1.ª) As previsões legais (pois este remédio processual não está previsto no texto constitucional) agora a considerar, em matéria do recurso por “contrariedade,” são as constantes do artigo 70.º (Decisões de que pode recorrer-se), n.º 1, alínea i), primeira parte, 71.º (Âmbito do recurso), n.º 2, 75.º-A (Interposição do recurso), n.º 4, 79.º-D (Recurso para o plenário), n.º 7, e 80.º (Efeitos da decisão), n.º 5, todos da LOFTC.

2.ª) Quanto à letra da lei, na medida em que fiscalizar a “contrariedade” de uma norma constante de acto legislativo com uma convenção internacional, é realizar um controlo de normas jurídicas, decorrente de um conflito normativo, tal modo de fiscalização integra, em essência, o âmbito do poder jurisdicional tipicamente exercido pelo Tribunal Constitucional.

3.ª) A letra da lei, neste ou nos demais preceitos legais em causa, não consagra qualquer exceção ou restrição a esse específico modo de exercício, pelo Tribunal Constitucional, do poder jurisdicional, ou seja, o controlo de normas jurídicas, decorrente de um conflito normativo.

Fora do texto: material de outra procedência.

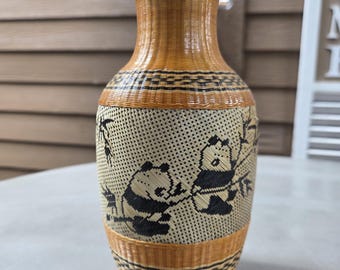 ビンテージ中国製花瓶、竹で包んだ磁器、パンダのアートワーク ビンテージ中国製花瓶、竹で包んだ磁器、パンダのアートワーク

4.ª) Quanto à unidade da lei, os enunciados das previsões legais em causa, em matéria das decisões positivas recorríveis para o Tribunal Constitucional, constam do mesmo normativo e são literalmente correspondentes (que “recusem a aplicação de norma jurídica, com fundamento…”), para todos os casos, de “inconstitucionalidade”, “ilegalidade” e, finalmente”, de “contrariedade”, salvo a natural mutação de termos.

5.ª) O recurso de fiscalização concreta, com fundamento em “inconstitucionalidade” ou “ilegalidade”, tem por objeto dirimir um conflito de normas, similarmente, o recurso por “contrariedade” terá por objeto o conflito de entre a norma convencional e legal, scl., a questão de julgar se existe ou não, no caso, tal contradição.

6.ª) Quanto à história jurisprudencial, este tipo de recurso por “contrariedade”, teve causa próxima numa clivagem, que dividiu o Tribunal Constitucional, pelas suas antigas 1.ª e 2.ª secções, as quais vinham tirando julgados opostos quanto à questão da eventual antinomia entre a lei interna posterior e normas convencionais anteriores.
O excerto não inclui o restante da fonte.